政談83
【荻生徂徠『政談』】83
(承前) 私の外祖父、児島助左衛門の父か祖父が二百石にて三河の知行所に居住していた。大坂の陣の御供に侍七、八人、馬二匹を引き連れたと曾祖母が語った。曾祖母は大番頭(おおばんがしら)鳥井久兵衛の娘で、久兵衛の知行所の上総の国苅屋(かりや)で生まれ、三河へ縁づき、久しく住んでいたために終生三河ことばを話していた。助左衛門は貞享(じょうきょう)の頃に罪を得ることあり、流罪に処せられ、跡目は断絶、三河の知行所も召し上げられたが、現在まで児島党が京や大坂警備のため関西へ上る時は、三河の百姓たちが岡崎までまかり出て、昔の地頭様と敬って挨拶をすることになっている。武家が知行所に住む時は、百姓たちは幼少の頃より地頭様、殿様と常に崇め奉る。その心が骨髄にまで沁み込むため、知行所はよく治まる。このような者を軍役に召し連れたなら、欠け落ちの者は言うに及ばず、いかに主人の役に立つかといった話をいろいろ聞いている。
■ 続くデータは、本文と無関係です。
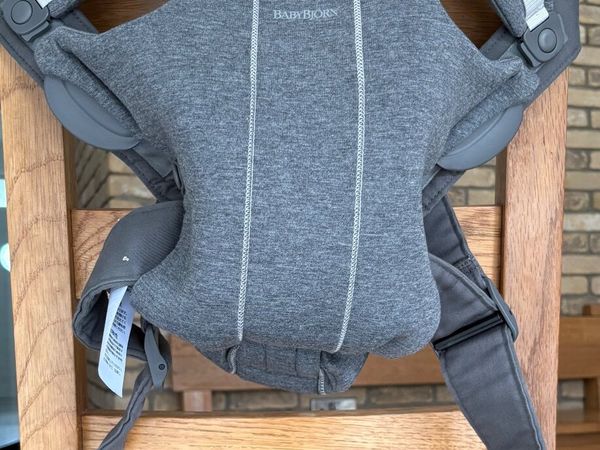 Babybjorn Mini Carrier 3D Jersey Dark Grey - Main image
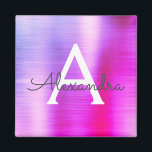 Aimant Nom du monogramme en métal brossé violet<br><div class="desc">Monogramme en métal brossé violet Faux Foil Nom et aimant de partie initial. Cela rend le cadeau parfait pour 16 ans,  mariage,  douche nuptiale,  anniversaire,  baby shower ou bachelorette pour quelqu'un qui aime le luxe glam et les styles chic.</div>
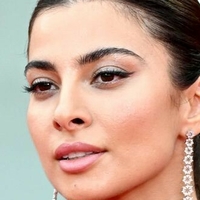 Maryam Zolghadr Nøgen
[注解]徂徠の母の養父、小嶋正朝(まさとも。本文では「児島」)は幕臣として大番組頭(おおばんくみがしら)から船手頭(ふなてがしら。幕府の船舶の管理と海上輸送、巡視を担当。大坂の陣当時は水軍として豊臣方の海上での妨害にあたった。幕末に軍艦奉行に改められる。海軍の前身のようなもの)に出世したものの、貞享元年(1684)に長男繁之が殺人をしたため連座制により父が八丈島に流刑となった。貞享の頃は刑も連座制も厳しかった。このあと元禄の頃から次第に連座制の範囲が縮小してゆく。赤穂浪士46人が切腹となったが、それに連座して15歳以上の男子が流刑に。対象となったのは4人。これ以前だと幼児だろうと乳児だろうとことごとく連座となり、最悪の場合は処刑された。時代が進むにつれてあまりにむごいという意識が広まり、対象を狭め、処刑も本人だけにとどめるようになった。